• By: Eric Murphy

Health Champions Gather at Glashan for ‘Healthy Me Week’ Launch

All photos by Eric Murphy. 

An alligator, a vegetable man, YTV’s Carlos Bustamante and Environment Minister Catherine McKenna met up in Glashan Public School this morning to launch Canada’s fifth Healthy Me Week.

The week is a call for children and parents across Canada to step up their health routine. Participants are encouraged to focus on three essential steps. They’re supposed to ‘get up’ (be more active) ‘fuel up’ (eat nutritious food) and ‘own up’ (get more people, especially family, involved in the project).

Carlos Snap Story
Carlos Bustamante includes Glashan students in his Snapchat story.

“Yes this is only one week,” Glashan principal James Tayler told the gym-full of seventh graders, “but we’re really talking about you developing the skills which we know are as easy as one-two-three.”

Throughout the speech-filled morning, Tayler, McKenna and Bustamante all stood in front of the school to speak, there was even a special message from Sophie Grégoire-Trudeau shown on the projector screen. She said that “my healthy me plan is to spend at least 30 minutes outside with the kids walking in nature every day, and to put some fruits and veggies in our smoothies.”

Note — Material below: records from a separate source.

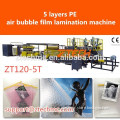 Safe Design 2 to 7 layers ldpe air bubble film extruder machine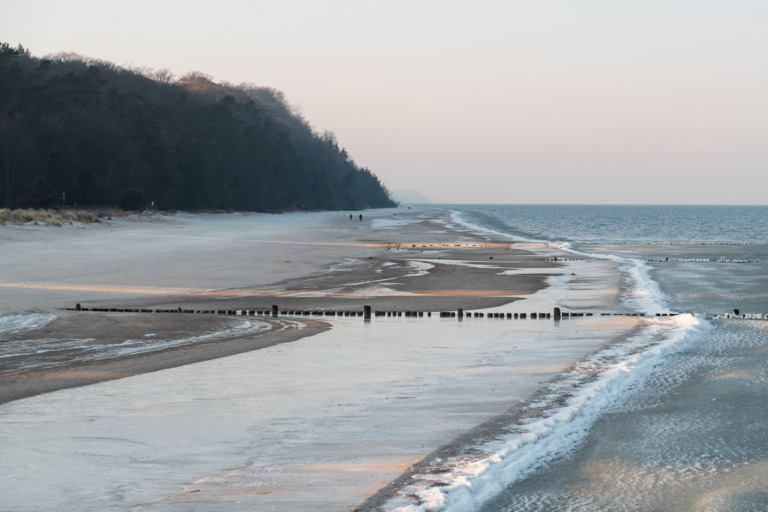 Winter auf Usedom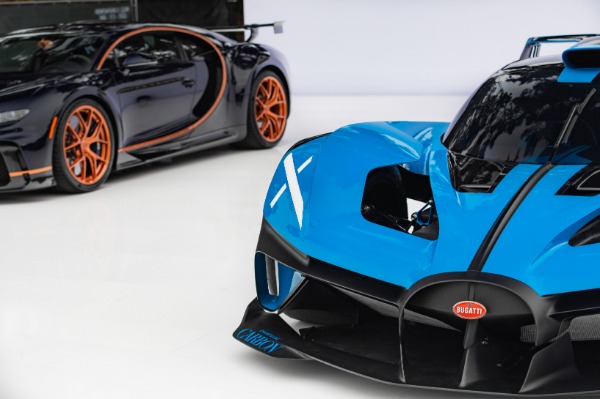 Used 2021 Bugatti Chiron Pur Sport for sale Sold at Alfa Romeo of Greenwich in Greenwich CT 06830 20
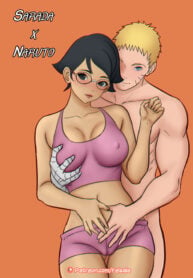 Sarada x Naruto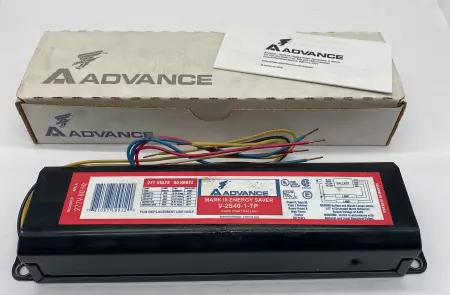 Advance V-2S40-1-TP Mark III Rapid Start Ballast 277V 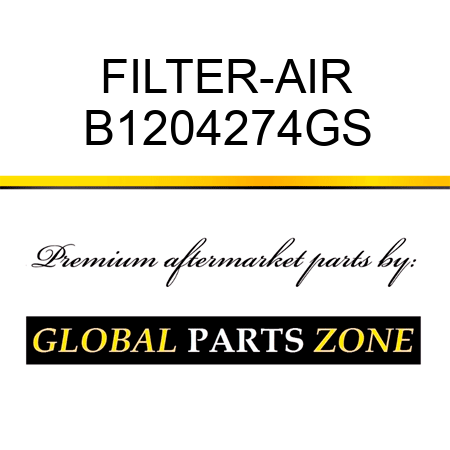 FILTER-AIR B1204274GS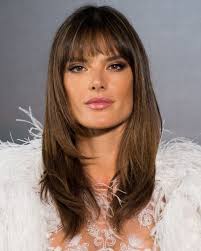 #5 angular fringe with low fade. Best Fringe Hairstyles For 2020 How To Pull Off A Fringe Haircut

There was even a short speech from one of Healthy Me Week’s organizers, Mariska Kempers, who ran 250 kilometres across the Sahara Desert in 2011. Kempers is the Director of Build Our Kids’ Success (BOKS), and she emphasized that children should be aiming for 60 minutes of activity every day.

Carlos talking to students
Carlos asks students what their favourite activity is.

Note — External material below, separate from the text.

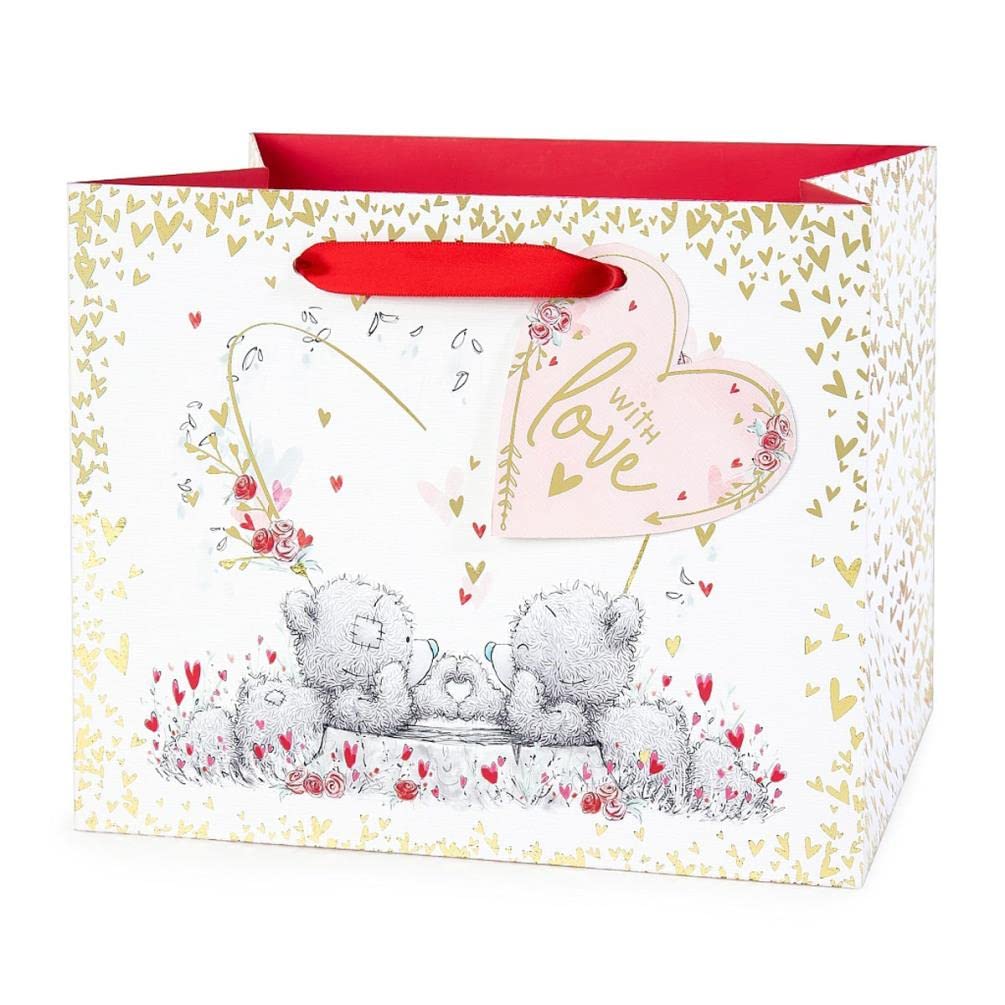 Me To You Bear With Love Medium Gift Bag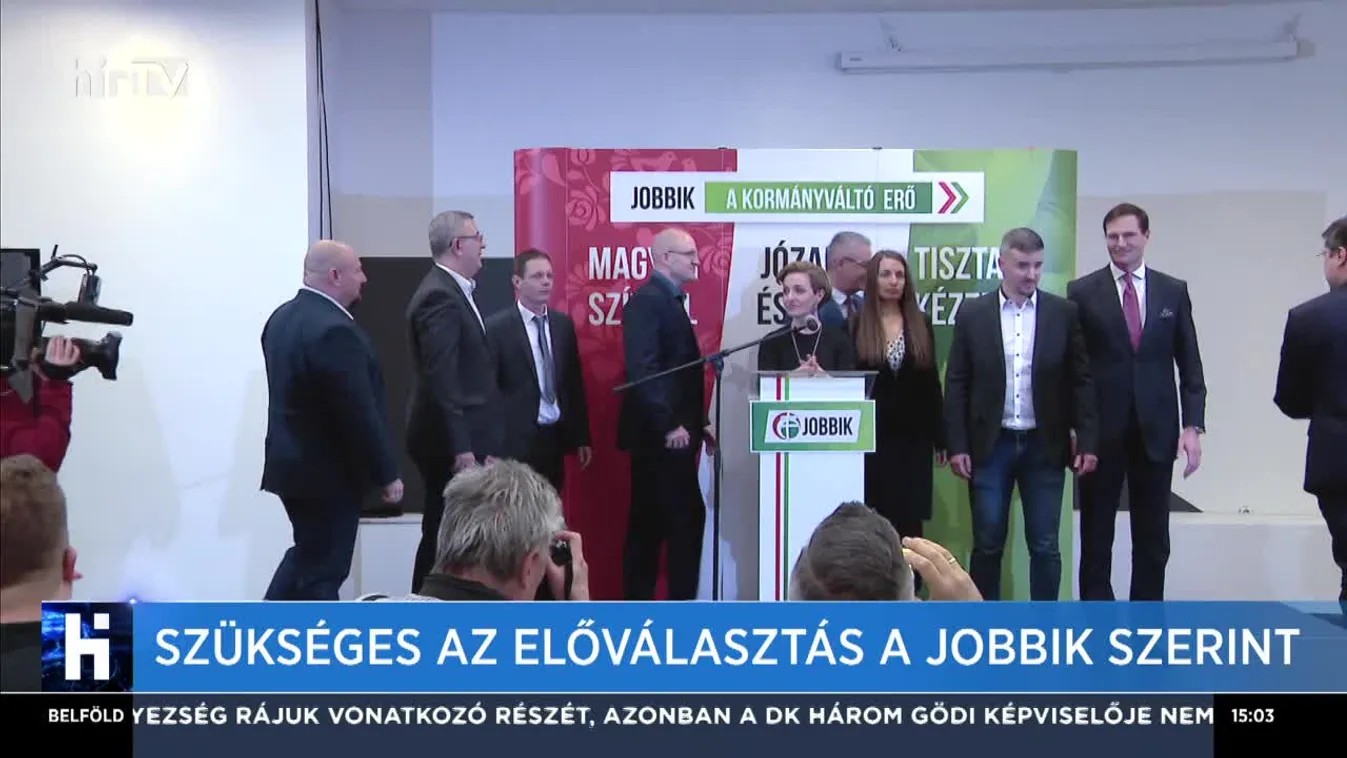 Szükséges az előválasztás a Jobbik szerint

McKenna was one of the last to speak, and she emphasized both the joys of exercise and the risks of living an inactive lifestyle.

“The problem is if you’re not active enough, it’s not just how you feel…it’s also that you’re in much greater risk for diseases that are going to impact you for your whole life,” she said. “Type 2 diabetes, high blood pressure, high cholesterol…these are things we used to only see in adults, now we’re seeing them in kids.”

McKenna also mentioned the $20 million her government is investing in initiatives to prevent these diseases.

“We’re always testing new ideas and scaling up proven approaches to help Canadians, particularly you guys,” she said, gesturing to the gathered students, “to make the healthy choice the easy choice.”

After all the speakers were done, they helped the students get warmed up with some standing jogs and jumping. To their credit, McKenna and both the mascots took part in the warm up, despite the Environment Minister wearing heels and the mascots wearing their massive green suits. The Glashan Gator in particular seemed to be having trouble keeping its head on.

Catherine McKenna warming up
Catherine McKenna warms up with Glashan students and the alligator and vegetable mascots.

You can find out more about Healthy Me Week at healthymeweek.ca. The site also has an ‘action plan’ quiz that’s definitely worth trying if you have trouble getting enough activity or healthy food.